### WHAT YOU HAVE TO DO
Below this sentence is a listing; return exactly its lines from the one with "Now, what do" to the one with "You can see", both kept, and nothing more.

### SUPPLIED MATERIAL
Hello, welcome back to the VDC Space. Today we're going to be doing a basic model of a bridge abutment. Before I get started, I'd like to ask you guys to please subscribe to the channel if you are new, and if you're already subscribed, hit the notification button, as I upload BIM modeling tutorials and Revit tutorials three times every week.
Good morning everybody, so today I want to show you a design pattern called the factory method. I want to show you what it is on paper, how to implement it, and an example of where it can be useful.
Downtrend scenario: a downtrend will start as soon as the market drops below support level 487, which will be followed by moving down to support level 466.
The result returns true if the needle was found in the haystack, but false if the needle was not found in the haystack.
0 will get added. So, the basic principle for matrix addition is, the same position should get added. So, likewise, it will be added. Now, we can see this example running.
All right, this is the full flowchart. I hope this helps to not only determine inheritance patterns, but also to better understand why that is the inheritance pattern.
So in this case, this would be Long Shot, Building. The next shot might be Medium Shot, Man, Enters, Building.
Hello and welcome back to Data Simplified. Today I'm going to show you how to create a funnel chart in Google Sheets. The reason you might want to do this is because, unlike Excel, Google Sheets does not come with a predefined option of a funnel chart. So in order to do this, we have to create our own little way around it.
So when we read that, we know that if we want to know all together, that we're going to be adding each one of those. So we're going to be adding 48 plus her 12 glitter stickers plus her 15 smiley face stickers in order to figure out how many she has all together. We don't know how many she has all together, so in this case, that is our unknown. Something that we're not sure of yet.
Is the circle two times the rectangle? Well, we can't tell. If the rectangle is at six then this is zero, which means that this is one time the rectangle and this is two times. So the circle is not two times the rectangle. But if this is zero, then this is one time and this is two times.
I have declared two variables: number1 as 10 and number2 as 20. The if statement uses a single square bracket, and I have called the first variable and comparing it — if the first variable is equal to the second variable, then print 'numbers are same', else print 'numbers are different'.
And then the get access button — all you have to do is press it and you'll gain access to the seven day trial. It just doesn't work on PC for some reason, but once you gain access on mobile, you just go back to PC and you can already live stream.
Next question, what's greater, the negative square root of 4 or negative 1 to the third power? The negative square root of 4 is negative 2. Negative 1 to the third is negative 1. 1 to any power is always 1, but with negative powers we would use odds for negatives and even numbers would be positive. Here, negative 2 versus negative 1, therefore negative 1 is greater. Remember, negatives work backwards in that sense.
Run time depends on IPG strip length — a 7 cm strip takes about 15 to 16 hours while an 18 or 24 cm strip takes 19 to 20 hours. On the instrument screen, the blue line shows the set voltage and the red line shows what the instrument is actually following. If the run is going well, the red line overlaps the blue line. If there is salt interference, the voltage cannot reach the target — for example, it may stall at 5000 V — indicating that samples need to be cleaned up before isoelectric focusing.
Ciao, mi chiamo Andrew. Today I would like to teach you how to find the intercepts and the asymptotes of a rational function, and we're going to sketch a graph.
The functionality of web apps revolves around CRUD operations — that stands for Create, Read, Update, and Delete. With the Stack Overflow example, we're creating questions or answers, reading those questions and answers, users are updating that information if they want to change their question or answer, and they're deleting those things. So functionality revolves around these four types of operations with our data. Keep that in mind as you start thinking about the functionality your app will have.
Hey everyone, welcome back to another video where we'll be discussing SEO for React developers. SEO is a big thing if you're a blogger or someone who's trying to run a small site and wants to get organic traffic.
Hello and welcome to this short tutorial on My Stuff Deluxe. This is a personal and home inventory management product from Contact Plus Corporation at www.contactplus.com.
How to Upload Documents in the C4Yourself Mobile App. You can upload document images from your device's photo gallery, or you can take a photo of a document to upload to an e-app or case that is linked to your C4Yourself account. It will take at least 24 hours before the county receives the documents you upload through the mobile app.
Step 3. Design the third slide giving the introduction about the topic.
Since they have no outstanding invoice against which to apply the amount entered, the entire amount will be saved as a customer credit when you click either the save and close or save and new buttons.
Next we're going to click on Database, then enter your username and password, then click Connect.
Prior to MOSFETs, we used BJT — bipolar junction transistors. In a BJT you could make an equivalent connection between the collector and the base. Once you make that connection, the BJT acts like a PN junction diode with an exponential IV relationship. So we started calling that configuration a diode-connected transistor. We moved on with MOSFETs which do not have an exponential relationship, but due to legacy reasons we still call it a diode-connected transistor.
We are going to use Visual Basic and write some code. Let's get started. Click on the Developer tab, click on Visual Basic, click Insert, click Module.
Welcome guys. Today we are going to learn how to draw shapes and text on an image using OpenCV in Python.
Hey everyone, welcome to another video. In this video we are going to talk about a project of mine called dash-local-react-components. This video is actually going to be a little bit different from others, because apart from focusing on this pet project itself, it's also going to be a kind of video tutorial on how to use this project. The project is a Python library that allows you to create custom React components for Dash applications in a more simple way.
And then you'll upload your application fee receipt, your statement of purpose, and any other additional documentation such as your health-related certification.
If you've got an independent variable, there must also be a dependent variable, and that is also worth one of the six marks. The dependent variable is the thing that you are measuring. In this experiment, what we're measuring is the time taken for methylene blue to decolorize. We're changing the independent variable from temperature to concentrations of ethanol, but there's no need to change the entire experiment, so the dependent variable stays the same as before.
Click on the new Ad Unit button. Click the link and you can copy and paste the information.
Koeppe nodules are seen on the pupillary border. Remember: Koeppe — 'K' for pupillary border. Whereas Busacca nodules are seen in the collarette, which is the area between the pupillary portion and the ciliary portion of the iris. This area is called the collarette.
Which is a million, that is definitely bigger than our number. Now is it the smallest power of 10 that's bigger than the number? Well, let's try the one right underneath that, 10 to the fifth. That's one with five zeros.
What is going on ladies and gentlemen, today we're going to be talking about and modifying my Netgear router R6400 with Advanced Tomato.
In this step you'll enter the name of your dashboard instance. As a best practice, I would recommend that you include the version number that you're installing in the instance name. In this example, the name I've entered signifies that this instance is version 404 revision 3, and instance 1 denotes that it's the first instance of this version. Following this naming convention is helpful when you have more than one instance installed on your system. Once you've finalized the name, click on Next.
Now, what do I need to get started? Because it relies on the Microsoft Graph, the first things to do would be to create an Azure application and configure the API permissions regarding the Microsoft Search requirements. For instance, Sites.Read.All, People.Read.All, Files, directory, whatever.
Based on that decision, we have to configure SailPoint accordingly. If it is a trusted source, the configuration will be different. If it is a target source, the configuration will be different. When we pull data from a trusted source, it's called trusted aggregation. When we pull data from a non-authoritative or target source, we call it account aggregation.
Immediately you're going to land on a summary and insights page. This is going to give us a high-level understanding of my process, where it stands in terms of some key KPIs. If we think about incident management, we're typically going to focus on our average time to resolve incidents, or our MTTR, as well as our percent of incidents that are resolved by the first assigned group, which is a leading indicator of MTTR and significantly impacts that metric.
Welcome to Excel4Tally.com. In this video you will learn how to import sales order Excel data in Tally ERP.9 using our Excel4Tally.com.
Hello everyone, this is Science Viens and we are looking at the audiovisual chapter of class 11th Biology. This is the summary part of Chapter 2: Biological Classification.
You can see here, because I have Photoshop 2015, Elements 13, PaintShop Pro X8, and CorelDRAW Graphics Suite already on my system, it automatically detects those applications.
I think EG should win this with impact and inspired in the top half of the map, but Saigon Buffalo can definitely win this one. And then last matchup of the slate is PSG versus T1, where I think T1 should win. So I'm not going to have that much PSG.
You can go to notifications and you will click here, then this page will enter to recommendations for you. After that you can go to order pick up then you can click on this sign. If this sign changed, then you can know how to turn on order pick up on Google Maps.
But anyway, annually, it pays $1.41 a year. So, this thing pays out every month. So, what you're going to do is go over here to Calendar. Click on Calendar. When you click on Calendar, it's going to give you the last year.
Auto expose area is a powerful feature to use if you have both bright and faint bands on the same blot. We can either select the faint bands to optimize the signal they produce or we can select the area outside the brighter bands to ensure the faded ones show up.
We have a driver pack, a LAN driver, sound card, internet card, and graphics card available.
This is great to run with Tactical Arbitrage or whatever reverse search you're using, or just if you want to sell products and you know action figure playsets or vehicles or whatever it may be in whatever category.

### OUTPUT
Now, what do I need to get started? Because it relies on the Microsoft Graph, the first things to do would be to create an Azure application and configure the API permissions regarding the Microsoft Search requirements. For instance, Sites.Read.All, People.Read.All, Files, directory, whatever.
Based on that decision, we have to configure SailPoint accordingly. If it is a trusted source, the configuration will be different. If it is a target source, the configuration will be different. When we pull data from a trusted source, it's called trusted aggregation. When we pull data from a non-authoritative or target source, we call it account aggregation.
Immediately you're going to land on a summary and insights page. This is going to give us a high-level understanding of my process, where it stands in terms of some key KPIs. If we think about incident management, we're typically going to focus on our average time to resolve incidents, or our MTTR, as well as our percent of incidents that are resolved by the first assigned group, which is a leading indicator of MTTR and significantly impacts that metric.
Welcome to Excel4Tally.com. In this video you will learn how to import sales order Excel data in Tally ERP.9 using our Excel4Tally.com.
Hello everyone, this is Science Viens and we are looking at the audiovisual chapter of class 11th Biology. This is the summary part of Chapter 2: Biological Classification.
You can see here, because I have Photoshop 2015, Elements 13, PaintShop Pro X8, and CorelDRAW Graphics Suite already on my system, it automatically detects those applications.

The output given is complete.